After a lengthy trial beginning in May 2022, a jury found IDOC correctional supervisors Melody Hulett, Russell Reynolds, Renee Hatfield, and Troy Dawdy liable for violating the 4th Amendment rights of the women, paving the way for the class action settlement that was approved by the court last Friday.

The lead plaintiffs representing the class of women overcame numerous obstacles to win the settlement over the past twelve years. To get a trial on their Fourth Amendment claims, the women had to overturn an appeals court ruling holding that convicted prisoners lacked any Fourth Amendment rights to reasonable visual strip searches, regardless of the circumstances. After successfully petitioning the appeals court to revisit this ruling en banc, the class won an important 11-1 legal decision that women do not lose their Fourth Amendment rights at the prison door, and visual strip searches in prison must be conducted in a reasonable manner and for a reasonable purpose. The class of women also had to overcome the defendants’ defense of qualified immunity, a judicial doctrine that disallows recovery for constitutional violations unless the Plaintiff can show that the legal violation was “clearly established.” 

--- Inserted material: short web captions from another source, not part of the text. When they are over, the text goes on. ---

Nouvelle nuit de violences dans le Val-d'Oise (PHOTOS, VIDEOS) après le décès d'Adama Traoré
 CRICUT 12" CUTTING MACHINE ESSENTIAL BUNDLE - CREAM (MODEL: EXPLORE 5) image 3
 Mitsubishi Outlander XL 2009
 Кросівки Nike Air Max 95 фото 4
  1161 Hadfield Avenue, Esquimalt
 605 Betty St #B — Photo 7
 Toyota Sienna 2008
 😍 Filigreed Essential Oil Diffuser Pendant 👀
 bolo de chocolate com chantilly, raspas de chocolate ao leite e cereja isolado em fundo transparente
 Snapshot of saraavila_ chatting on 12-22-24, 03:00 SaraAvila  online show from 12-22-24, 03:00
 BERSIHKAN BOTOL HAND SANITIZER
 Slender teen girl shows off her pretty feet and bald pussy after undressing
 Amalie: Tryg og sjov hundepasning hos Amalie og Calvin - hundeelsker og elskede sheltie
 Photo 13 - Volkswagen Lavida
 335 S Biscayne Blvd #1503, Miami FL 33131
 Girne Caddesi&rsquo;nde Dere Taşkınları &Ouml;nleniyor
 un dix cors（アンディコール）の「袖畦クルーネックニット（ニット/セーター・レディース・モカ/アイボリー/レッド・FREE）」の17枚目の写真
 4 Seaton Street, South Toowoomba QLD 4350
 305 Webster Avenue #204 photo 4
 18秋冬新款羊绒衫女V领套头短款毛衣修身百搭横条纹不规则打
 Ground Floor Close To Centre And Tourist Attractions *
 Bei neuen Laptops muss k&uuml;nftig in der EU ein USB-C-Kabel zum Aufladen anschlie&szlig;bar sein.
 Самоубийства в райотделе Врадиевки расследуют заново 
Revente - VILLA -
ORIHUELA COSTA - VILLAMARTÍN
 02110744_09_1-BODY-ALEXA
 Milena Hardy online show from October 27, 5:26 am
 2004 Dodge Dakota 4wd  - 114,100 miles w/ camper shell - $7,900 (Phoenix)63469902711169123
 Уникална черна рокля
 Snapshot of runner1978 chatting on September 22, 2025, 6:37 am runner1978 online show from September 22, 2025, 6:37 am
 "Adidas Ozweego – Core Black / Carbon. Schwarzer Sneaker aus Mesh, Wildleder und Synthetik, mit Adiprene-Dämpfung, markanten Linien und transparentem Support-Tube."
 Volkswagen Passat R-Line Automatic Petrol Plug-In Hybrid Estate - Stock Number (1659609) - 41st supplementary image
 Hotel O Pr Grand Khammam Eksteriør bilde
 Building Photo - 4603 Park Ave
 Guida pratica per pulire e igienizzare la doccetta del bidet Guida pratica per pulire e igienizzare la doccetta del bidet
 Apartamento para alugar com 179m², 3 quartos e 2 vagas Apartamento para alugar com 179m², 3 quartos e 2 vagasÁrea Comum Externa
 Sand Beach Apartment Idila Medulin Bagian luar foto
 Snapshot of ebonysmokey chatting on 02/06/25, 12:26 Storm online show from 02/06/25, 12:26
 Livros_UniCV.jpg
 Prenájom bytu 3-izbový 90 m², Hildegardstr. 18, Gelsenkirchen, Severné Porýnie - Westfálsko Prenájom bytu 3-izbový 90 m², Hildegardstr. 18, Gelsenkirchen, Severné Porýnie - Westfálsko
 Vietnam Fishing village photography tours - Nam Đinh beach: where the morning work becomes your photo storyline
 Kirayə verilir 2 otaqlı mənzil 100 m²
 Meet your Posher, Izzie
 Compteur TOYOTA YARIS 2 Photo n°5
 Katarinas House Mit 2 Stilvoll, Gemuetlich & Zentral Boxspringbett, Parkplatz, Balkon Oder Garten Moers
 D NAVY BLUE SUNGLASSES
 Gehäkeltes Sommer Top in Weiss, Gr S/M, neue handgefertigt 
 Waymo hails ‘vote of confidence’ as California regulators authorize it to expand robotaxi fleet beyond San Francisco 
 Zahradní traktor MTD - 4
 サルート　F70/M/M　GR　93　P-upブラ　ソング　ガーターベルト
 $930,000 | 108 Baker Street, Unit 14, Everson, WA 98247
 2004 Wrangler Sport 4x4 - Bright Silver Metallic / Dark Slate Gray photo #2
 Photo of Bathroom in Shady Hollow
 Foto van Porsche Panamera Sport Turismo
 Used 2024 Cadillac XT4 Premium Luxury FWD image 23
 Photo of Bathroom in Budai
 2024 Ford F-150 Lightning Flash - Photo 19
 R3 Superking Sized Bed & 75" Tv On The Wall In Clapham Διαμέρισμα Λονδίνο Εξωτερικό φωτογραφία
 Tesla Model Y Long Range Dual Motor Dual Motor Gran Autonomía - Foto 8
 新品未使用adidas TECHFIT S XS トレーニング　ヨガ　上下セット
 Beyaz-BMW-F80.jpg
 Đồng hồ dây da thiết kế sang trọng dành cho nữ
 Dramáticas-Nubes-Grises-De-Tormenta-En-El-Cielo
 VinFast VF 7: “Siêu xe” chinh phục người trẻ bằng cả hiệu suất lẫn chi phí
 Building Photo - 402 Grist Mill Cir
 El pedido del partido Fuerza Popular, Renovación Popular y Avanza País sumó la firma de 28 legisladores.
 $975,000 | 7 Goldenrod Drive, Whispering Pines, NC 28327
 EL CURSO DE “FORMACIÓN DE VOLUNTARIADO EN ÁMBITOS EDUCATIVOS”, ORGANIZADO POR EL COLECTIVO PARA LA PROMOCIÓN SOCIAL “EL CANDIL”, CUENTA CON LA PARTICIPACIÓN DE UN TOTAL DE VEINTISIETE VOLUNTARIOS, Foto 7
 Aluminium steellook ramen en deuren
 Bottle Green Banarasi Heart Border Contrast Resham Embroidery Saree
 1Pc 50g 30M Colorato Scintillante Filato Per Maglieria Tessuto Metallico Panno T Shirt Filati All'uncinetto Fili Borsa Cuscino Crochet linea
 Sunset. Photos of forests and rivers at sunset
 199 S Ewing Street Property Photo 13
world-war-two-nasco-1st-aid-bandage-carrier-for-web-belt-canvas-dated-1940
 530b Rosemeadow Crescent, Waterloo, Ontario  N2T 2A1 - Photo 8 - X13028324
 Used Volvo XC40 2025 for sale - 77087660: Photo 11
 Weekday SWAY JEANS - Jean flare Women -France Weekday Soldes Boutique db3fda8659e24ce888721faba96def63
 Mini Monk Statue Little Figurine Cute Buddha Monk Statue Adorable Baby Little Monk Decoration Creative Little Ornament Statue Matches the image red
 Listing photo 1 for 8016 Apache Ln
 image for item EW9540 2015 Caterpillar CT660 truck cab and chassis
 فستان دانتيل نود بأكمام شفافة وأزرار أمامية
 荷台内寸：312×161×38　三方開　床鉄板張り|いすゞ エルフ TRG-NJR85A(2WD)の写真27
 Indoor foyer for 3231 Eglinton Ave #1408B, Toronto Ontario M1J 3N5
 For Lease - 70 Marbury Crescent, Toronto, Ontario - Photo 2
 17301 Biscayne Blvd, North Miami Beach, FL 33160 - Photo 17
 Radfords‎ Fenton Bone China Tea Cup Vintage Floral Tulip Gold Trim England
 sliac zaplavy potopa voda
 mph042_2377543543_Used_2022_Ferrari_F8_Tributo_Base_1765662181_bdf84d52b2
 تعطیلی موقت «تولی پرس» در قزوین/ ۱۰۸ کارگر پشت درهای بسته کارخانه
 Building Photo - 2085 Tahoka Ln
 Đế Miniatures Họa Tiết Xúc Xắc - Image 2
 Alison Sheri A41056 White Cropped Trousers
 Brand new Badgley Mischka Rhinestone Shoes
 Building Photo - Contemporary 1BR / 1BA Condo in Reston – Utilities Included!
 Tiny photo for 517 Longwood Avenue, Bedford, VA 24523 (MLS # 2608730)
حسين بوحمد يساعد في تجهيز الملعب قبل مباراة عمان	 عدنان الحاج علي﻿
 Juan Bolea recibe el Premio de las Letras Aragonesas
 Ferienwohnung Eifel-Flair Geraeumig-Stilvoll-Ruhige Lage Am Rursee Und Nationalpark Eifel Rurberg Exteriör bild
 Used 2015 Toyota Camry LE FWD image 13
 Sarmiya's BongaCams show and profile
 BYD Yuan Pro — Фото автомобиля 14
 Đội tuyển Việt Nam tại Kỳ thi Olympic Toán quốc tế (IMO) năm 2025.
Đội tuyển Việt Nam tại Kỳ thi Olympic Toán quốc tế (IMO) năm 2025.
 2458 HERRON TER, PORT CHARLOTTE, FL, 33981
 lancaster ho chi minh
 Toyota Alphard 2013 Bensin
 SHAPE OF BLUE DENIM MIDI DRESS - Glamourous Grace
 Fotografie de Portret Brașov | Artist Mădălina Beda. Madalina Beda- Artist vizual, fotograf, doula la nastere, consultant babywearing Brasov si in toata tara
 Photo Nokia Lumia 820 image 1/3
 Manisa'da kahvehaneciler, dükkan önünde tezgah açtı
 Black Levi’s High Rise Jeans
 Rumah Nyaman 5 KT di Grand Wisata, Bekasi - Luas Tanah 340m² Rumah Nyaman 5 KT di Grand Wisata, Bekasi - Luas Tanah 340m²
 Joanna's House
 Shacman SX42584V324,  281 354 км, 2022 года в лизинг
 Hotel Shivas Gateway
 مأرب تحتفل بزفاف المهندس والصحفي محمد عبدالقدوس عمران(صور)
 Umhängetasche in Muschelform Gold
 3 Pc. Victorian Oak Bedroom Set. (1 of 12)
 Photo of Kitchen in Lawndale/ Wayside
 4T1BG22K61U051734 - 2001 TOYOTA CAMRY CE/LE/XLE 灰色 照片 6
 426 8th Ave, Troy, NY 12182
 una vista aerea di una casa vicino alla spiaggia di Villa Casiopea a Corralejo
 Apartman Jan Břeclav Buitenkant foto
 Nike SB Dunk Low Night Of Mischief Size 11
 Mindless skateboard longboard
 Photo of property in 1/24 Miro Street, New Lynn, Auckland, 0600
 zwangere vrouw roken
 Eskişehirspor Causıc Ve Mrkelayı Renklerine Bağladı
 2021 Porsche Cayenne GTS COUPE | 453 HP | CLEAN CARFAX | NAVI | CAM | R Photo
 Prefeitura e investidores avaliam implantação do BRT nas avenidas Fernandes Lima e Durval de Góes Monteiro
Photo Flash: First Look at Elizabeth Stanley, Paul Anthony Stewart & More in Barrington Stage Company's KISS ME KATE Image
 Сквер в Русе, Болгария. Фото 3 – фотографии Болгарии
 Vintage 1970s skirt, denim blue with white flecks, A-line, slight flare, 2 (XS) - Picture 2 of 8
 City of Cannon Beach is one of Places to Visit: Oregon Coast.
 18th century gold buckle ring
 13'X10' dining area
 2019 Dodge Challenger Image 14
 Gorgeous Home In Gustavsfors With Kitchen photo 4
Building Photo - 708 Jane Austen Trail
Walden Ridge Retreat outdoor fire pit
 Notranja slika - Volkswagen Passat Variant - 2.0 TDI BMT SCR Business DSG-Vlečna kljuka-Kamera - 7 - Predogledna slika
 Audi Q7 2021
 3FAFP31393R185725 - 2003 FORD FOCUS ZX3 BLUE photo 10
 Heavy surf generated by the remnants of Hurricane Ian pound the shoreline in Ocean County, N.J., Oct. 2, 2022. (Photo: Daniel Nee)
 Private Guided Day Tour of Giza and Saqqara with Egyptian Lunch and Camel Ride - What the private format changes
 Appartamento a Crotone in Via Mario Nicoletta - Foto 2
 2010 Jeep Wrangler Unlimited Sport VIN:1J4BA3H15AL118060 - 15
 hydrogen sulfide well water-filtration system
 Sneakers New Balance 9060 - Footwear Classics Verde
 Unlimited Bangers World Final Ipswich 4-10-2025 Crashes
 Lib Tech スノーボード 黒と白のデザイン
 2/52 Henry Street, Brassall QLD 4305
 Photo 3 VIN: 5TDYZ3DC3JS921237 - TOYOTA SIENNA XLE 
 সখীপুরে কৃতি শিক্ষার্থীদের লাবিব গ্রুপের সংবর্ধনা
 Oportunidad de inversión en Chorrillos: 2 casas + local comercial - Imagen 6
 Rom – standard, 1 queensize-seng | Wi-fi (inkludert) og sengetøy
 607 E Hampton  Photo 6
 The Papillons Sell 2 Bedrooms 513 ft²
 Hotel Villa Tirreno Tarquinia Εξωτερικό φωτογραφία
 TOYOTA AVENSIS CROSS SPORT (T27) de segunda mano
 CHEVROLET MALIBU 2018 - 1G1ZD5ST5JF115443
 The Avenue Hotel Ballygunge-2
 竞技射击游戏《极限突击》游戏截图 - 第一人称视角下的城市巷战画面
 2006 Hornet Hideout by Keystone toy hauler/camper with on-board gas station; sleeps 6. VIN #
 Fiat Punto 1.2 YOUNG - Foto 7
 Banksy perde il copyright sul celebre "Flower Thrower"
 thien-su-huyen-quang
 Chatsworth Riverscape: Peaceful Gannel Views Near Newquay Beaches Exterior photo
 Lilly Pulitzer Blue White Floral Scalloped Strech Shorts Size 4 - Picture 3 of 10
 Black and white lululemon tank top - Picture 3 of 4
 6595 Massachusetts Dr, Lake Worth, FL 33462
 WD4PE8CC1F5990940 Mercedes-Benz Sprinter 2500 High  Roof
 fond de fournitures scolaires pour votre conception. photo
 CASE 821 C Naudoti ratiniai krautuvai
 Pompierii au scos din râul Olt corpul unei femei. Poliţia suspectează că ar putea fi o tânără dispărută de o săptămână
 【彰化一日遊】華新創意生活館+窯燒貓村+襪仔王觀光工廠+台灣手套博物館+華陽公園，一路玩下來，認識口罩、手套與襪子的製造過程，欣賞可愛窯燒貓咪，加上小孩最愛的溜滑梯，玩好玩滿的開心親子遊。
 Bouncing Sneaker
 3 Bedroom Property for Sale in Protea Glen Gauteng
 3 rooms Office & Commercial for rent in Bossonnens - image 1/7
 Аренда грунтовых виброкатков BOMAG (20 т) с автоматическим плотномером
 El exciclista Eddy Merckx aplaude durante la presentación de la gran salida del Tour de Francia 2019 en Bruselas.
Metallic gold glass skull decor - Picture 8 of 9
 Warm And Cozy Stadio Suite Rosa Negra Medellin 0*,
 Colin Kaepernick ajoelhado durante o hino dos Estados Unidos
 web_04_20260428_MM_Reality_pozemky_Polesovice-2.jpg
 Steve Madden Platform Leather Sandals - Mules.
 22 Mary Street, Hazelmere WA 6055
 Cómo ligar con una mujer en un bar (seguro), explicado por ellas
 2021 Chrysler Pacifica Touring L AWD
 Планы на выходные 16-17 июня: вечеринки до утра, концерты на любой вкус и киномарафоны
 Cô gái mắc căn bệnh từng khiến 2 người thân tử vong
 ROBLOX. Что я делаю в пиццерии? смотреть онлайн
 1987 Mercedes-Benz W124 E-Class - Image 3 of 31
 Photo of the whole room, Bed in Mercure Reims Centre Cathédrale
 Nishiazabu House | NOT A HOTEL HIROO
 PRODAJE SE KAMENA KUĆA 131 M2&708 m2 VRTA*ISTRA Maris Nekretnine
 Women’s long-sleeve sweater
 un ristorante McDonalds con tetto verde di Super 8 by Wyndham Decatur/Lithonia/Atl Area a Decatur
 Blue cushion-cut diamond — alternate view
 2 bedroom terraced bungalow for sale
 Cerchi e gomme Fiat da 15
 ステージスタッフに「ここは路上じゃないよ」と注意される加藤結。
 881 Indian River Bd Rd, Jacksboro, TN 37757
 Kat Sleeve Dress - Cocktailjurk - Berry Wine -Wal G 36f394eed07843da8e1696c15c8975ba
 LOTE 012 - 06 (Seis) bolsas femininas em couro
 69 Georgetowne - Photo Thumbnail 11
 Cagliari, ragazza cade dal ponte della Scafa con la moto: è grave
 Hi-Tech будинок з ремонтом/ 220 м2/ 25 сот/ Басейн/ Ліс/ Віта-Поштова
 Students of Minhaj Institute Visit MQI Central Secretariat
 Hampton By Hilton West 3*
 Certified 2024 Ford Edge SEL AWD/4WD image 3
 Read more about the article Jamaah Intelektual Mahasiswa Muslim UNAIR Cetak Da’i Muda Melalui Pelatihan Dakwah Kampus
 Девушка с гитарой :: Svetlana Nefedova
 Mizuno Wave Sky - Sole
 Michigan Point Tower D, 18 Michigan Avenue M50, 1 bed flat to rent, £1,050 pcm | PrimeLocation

In addition to the $1.4 million settlement, and as a precondition to settlement, the women negotiated certain voluntary policy changes in the Illinois Department of Corrections’ confidential strip search policies relating to privacy during strip searches and strip searches of prisoners who are menstruating. IDOC also voluntarily agreed to prohibit the conduct of strip searches for the sole purpose of training. Lead attorneys representing the class of women in the suit were Ruth Brown and Russell Ainsworth of the Prisoner Rights Project of the Chicago-based law firm Loevy & Loevy.